# Add personal info on screensavers ???



## Rob Drob (Oct 1, 2010)

Hi could someone please tell me how I can personalize the screensavers that I have placed on my kindle . Could not find with a search of forums.

Thanks


----------



## kansaskyle (Sep 14, 2010)

Check out this thread in the _Tips, Tricks, and Troubleshooting_ section. It explains how to use a freeware tool, and toward the end mentions the concept of layering.

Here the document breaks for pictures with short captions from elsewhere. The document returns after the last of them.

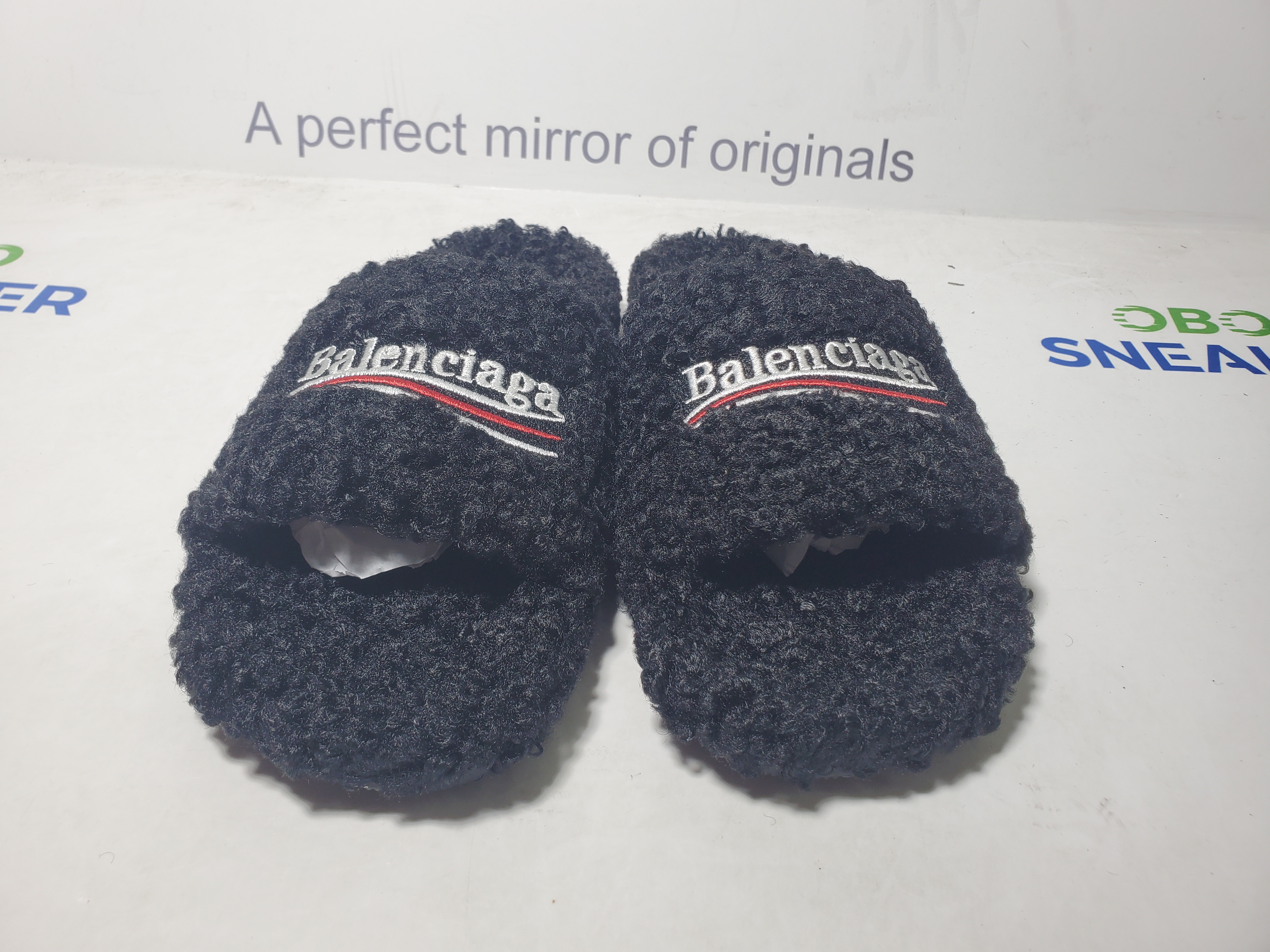 Balenciaga Furry Slide Coke Label Black review Obosneaker 03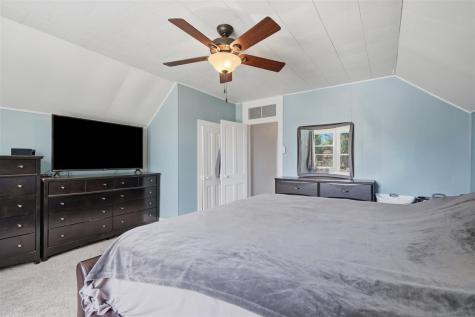 296 W Adams Street Marengo IA 52301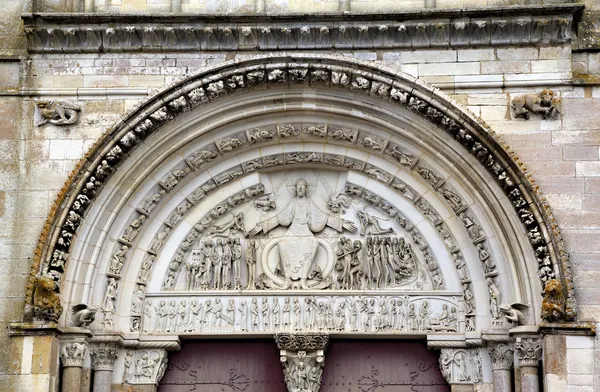 Bazilika Panny Marie Magdalény v vezelay opatství. Burgundsko, Francie — Stock fotografie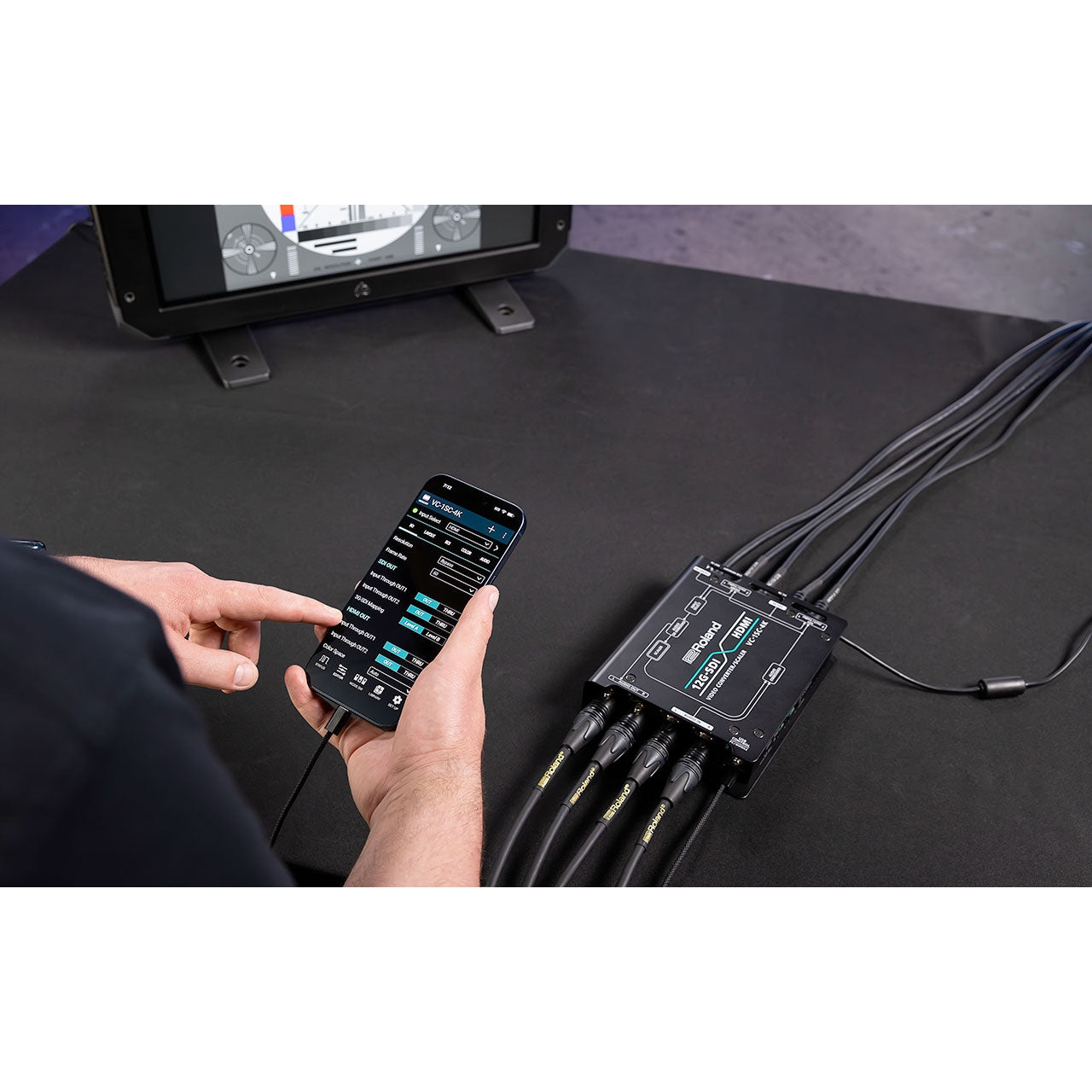 Roland 424981A VC-1SC-4K Compact 4K Video Converter and Scaler
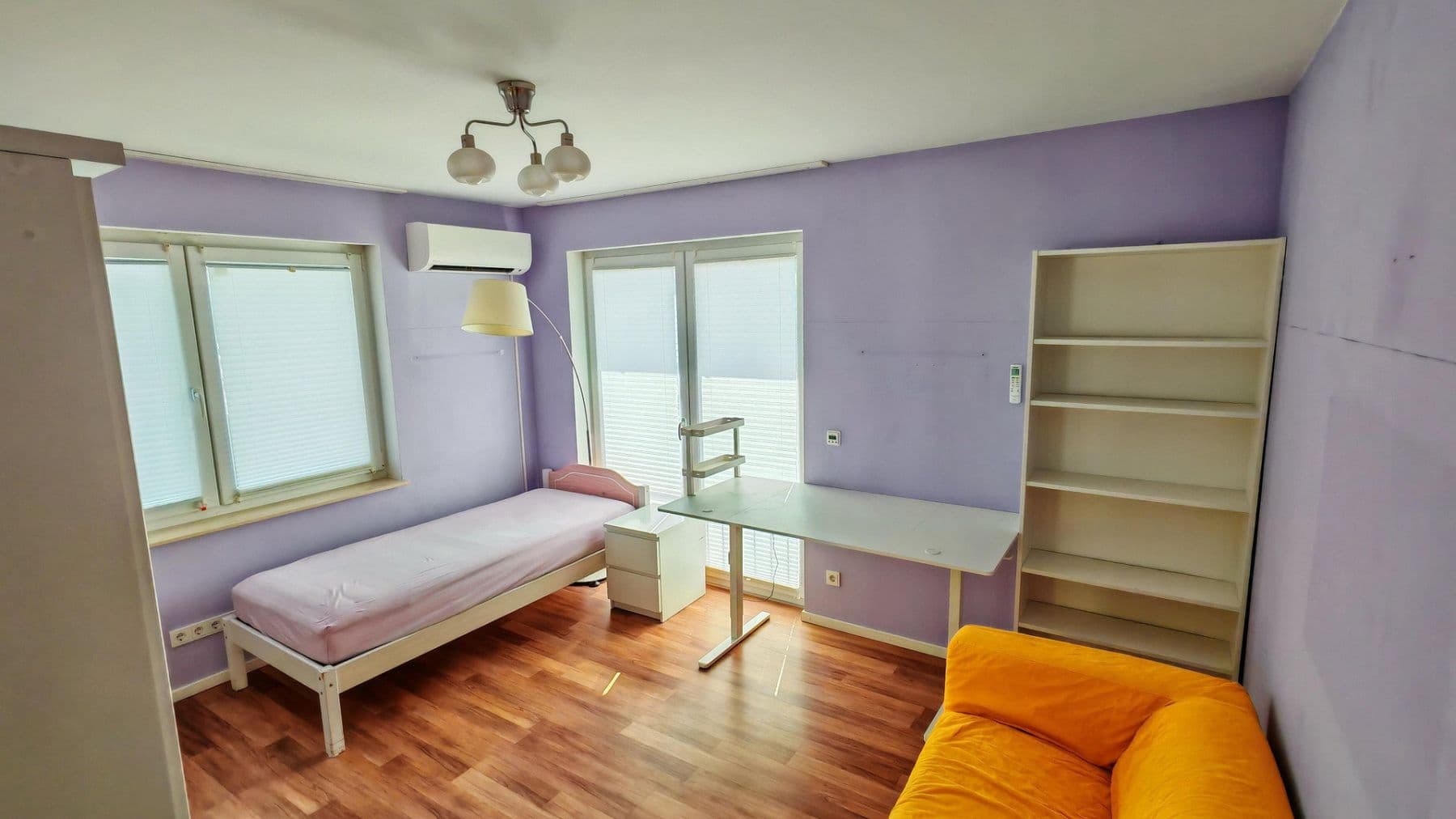 Pronájem domu 170 m², pozemek 398 m², Straubenhardt, Bádensko-Württembersko Pronájem domu 170 m², pozemek 398 m², Straubenhardt, Bádensko-Württembersko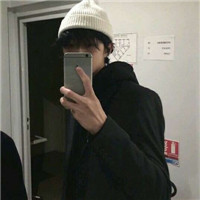 最新时尚男生微信头像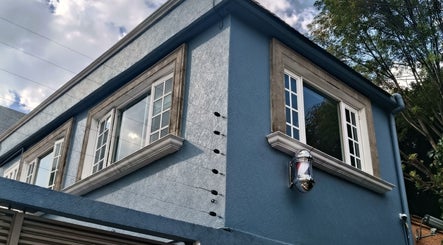 Exterior de Harmony Haircut Room, Ciudad De México, edificio azul moderno.
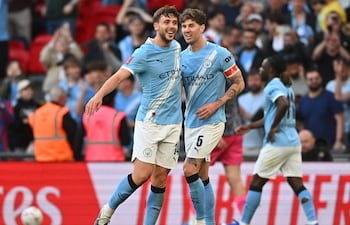 Nico González (izq.), del Manchester City, celebra junto a John Stones (der.) tras anotar el 2-1 durante el partido de semifinales de la FA Cup entre el Manchester City y el Southampton FC, en Londres, Gran Bretaña.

It would take a little experimenting, but it is fairly easy to figure out.


----------



## Rob Drob (Oct 1, 2010)

Thanks kansaskyle . I will try this tonight..


----------



## Elk (Oct 4, 2010)

Many graphics programs allow you to add text to a picture very easily.  Windows included Paint will do this.


----------



## Rob Drob (Oct 1, 2010)

Thanks Elk


----------



## dazdude (Dec 10, 2009)

here is a quick template I created it has both a photoshop and a jpg image.
http://www.nethed.com/kindle template.zip

Daz


----------



## Rob Drob (Oct 1, 2010)

Thanks dazdude . I will  check it out when I get home..


----------



## sookie (Jul 30, 2010)

dazdude said:


> here is a quick template I created it has both a photoshop and a jpg image.
> http://www.nethed.com/kindle template.zip
> 
> Daz


Hi Daz your link isn't working


----------



## NogDog (May 1, 2009)

Note that to make this work, you will need to install the screen-saver hack on your Kindle before you can load customized screen-saver images.


----------



## dazdude (Dec 10, 2009)

strange? it didnt like to see a space in the link

heres the link to the zip file of templates: http://www.nethed.com/kindle_template.zip

daz


----------



## NiLuJe (Jun 23, 2010)

(A space = %20 when URL encoded). [ie. http://www.nethed.com/kindle%20template.zip]


----------



## srmalloy (Mar 3, 2009)

dazdude said:


> strange? it didnt like to see a space in the link


It will work if you use the UBBcode tags manually to specify the URL, as in kindle template.zip, but the automatic URL interpreter treats the first space as the end of the URL, so it doesn't get the full URL.


----------



## sookie (Jul 30, 2010)

dazdude said:


> strange? it didnt like to see a space in the link
> 
> heres the link to the zip file of templates: http://www.nethed.com/kindle_template.zip
> 
> daz


Thanks that worked


----------



## 911jason (Aug 17, 2009)

If you want to take an extra step to try to ensure you get your Kindle back if it's lost or stolen, go into the settings menu and enable Device Password. That way if someone finds your Kindle, they won't be able to use it without the password and they may call you using your personalized screensaver info to contact you instead.


----------